Archive for the ‘Aerial Photos’ Category

2008 Imagery updates from USDA – current status for Kansas.

September 12, 2008

We’ve got a bunch of rural customers.  Folks that don’t have a lot of scratch that have come to rely on the USDA NAIP flights (for better or for worse).  I inquired today with the APFO as to the current state of completion for Kansas.  If you can read a FIPS code (had enough acronyms yet?) then you’ll be happy to know the following are 2008 1m flights have been processed as compressed color mosaics (CCM) for Kansas (State code is 20, btw) –

001, 3, 5, 7, 11, 13, 15, 19, 21, 25, 31, 33, 35, 37, 43, 45, 47, 57, 59, 73, 77, 79, 83, 87, 91, 95, 97, 99, 103, 107, 111, 121, 125, 131, 133, 139, 151, 155, 173, 177, 185, 191, 205, 207 and 209.

At present, it looks like you have to order direct from APFO if you really really want it.  I did dump this into a spreadsheet for my own use.  If you ask real nice, I might send you a copy.

In related news, I was at the NRCS geospatial data gateway and noticed that NAIP was NOT available for download.  APFO didn’t have a reason when I asked.   I’m hoping this is temporary,  otherwise I’ll just chew on someone else’s bandwidth.

Greensburg Aerials Avalable via Google Earth.

May 10, 2007

Just passing this on (like others before) so it reaches everyone that may have need –

The Google “geo-web” folks  have released a KML with imagery from Digital Globe of the after-effects of the Greensburg EF5.
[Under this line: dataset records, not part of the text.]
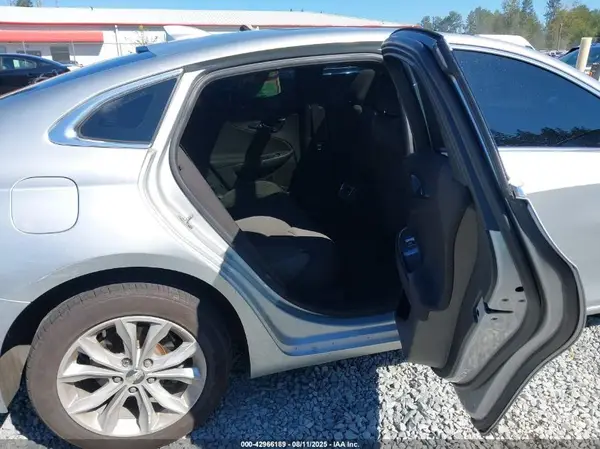 1G1ZD5ST7KF224276 2019 CHEVROLET MALIBU - Image 8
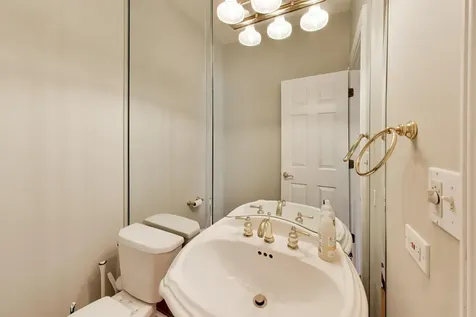 2232 Regency Woods Drive Lisle IL 60532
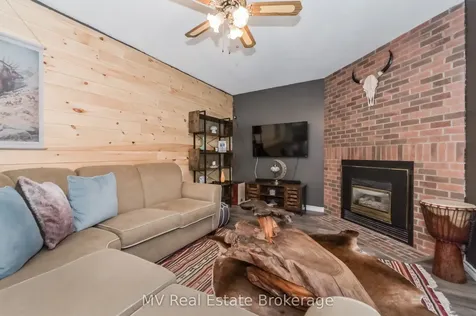 724 Woodhill Drive Centre Wellington ON N1M 3M8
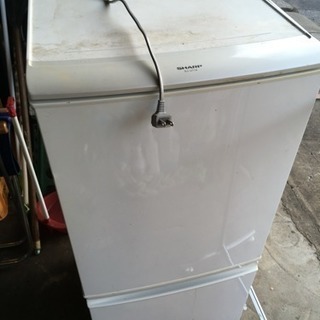 冷蔵庫 シャープ SJ-UT14 2011年  土台さびあり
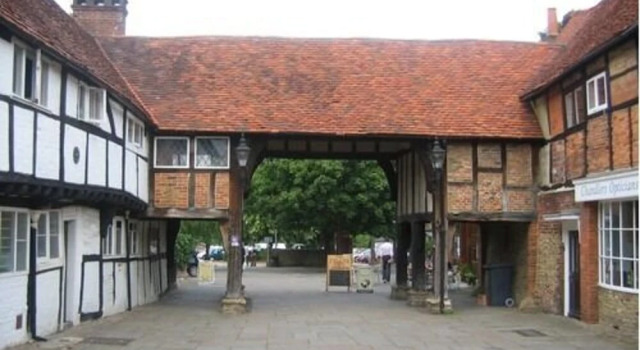 The Squirrel Inn, Забронировать Отель Отели Суррей с парковкой, Парковка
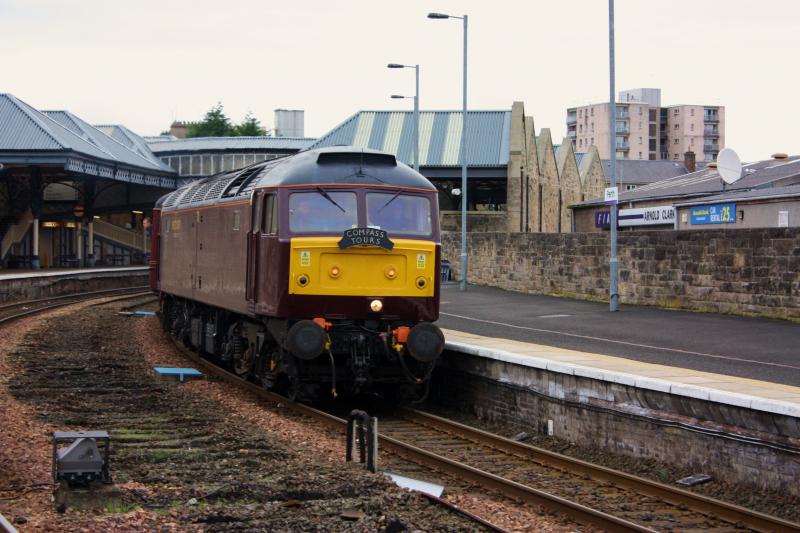 IMG_4803.JPG: 47854 leads the return 1Z58 dundee-shrewsbury thru perth. Photo of IMG_4803.JPG
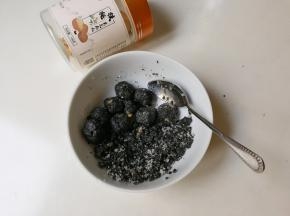 拌匀，再捏成小丸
GeoEye Buys M.J. Harden from GE

March 30, 2007

I thought this worth mentioning because M.J. Harden is just up the road in Mission (KC metro). Plus, there are quite a few folks here in the region that use Harden as their Aerial Photography vendor. Though I’ve seen this twice now in geospatial newsletters, I can’t seem to find info on either company’s site as of this posting.

On paper it seems like a pretty good acquisition for GeoEye. Satellites are great, but there’s always going to be a need to fly because of the temporal resolution shortcomings (timeliness) of orbital spacecraft. On the other hand, Harden’s done a lot in oil & gas pipeline management as well. Though the articles only mention it a little, it was pretty big business for them; though not really GeoEye’s bailiwick, so I wouldn’t be surprised if it was sloughed off eventually.
On a side note, it seems to me that Harden lost a bit of its identity under the GE umbrella (just look @ what passes for their website), so maybe this is the change they were looking for.

Check it out – the NRCS Geospatial Data Gateway

October 18, 2006

I don’t know where I’ve been that I hadn’t heard about this before. I was flipping through a a Geoworld magazine (the last surviving GIS trade mag as far as I know) when I noticed that the resource of the month was the NRCS Geospatial Data Gateway; implemented by my former employer, the good ol’ USDA. I decided to kick the tires on their service. Read on for my take –


Sedgwick County, KS Gets Georeferenced Oblique Imagery.

October 2, 2006

While reading a business analytics digest from Geospatial Solutions (I was trying to fall asleep), I chanced up on this press release from Multivision USA. According to the site, the Sedgwick County Appraiser’s Office has received oblique aerial imagery that has been georeferenced to the county’s existing orthophotography. Windows Live Local has oblique views for more metropolitan areas, but it’s view-only stuff, & you kind of get lost flipping between views unless you’re familiar with the area of interest.

The neat thing about the imagery that Sedgwick County received (according to Multivision USA) is that the obliques have been integrated spatially with the orthophotography, allowing for accurate measurements done remotely. With the cost of fuel (manpower ain’t cheap either), it’s no wonder the Appraiser’s office was looking into this kind of alternative.

It appears that special software may be needed to fully use & interpret the obliques, but Multivision claims seamless integration into ESRI products without additional software. There’s no word yet as to when the imagery will be available to the public, but Sedgwick County’s always been real good about public data accessibility. I’ve got a query in to the Appraiser’s office & I’ll let you know if I hear something.

Update: Here’s a bit more on the status of the data, straight from the Sedgwick County Appraiser, Mike Borchard

“We don’t have a plan for this yet but hope to make them available at some point.  A GIS application will likely be the source.  We really have just gotten the images and viewer installed on a few desktops now and are still learning functionality.”